## What this task involves
Pictures must not appear; the answer is exactly the lines from the one that holds "外传擎天之柱合金变形玩具金刚汽车人模型手办可动机甲雕像摆件" through the end of the material.

## Supplied data
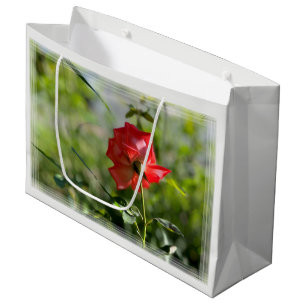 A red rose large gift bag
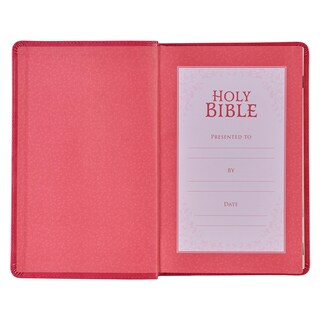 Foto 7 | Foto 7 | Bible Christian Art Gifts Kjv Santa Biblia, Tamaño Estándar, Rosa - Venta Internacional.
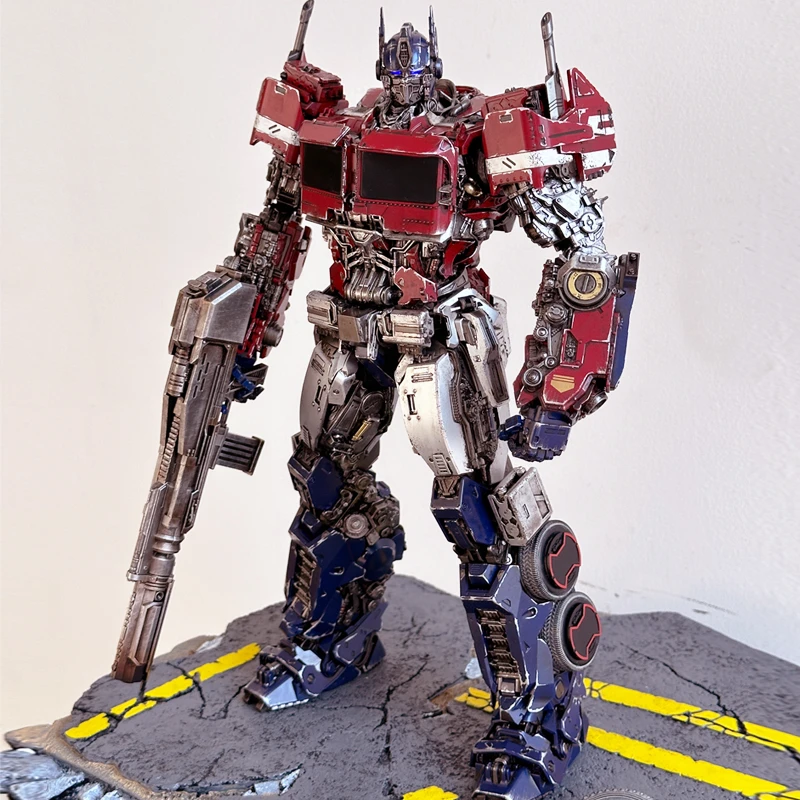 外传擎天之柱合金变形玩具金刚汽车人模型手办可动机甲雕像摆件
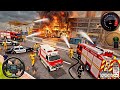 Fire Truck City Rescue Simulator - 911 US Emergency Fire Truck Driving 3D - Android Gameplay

## Task answer
 外传擎天之柱合金变形玩具金刚汽车人模型手办可动机甲雕像摆件
 Fire Truck City Rescue Simulator - 911 US Emergency Fire Truck Driving 3D - Android Gameplay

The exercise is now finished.